In an ideal engagement, the entire process described here, from analyzing the highest ranked uncertainties to voting on the candidate matrices, should take no more than a couple of hours.
Developing deep stories, understanding causes and conducting additional research is best applied to the selected matrix.
Did We Get It Right?
For the team, right is pretty simple: you don’t care which of the candidate sets win. Since the selection criteria has been applied and only plausible and useful sets are presented back to the client, no matter which candidate set the team selects, storytelling and imagination will create useful futures for the exploration of the focal question and related issues.
The horizontal nature of scenario planning makes it difficult to codify heuristics for matrix creation. The technique can be applied to any domain, but the uncertainties and eventual scenarios are very domain specific. That means it is challenging to generalize about uncertainty selection for scenarios beyond what has been discussed because knowledge of the domain plays a role in understanding the potential narratives.
Good scenario planners have usually applied the technique to a wide range of problems and have picked up domain expertise along the way, which helps them develop and suggest viable candidates scenario sets.

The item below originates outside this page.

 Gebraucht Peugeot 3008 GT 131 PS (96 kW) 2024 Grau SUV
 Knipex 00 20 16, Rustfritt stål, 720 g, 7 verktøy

The last step in this process is the vote. The vote is very simple. People either view the sketches or have them presented to them. People vote on the one they feel best represents the focal question and the needs of the project.
Getting to a matrix requires a team effort. It is better done with at least a couple of experienced people than by one. It can also be an iterative process, taking into account different people’s lenses for categorization as they are exposed to the initial take.
Thornton, T. (2013). Clinical judgment, tacit knowledge, and recognition in psychiatric diagnosis. In K. W. M. Fulford, M. Davies, R. G. T. Gipps, G. Graham, J. Z. Sadler, & G. Stanghellini (Eds.), The Oxford Handbook of Philosophy and Psychiatry. Oxford: Oxford University Press.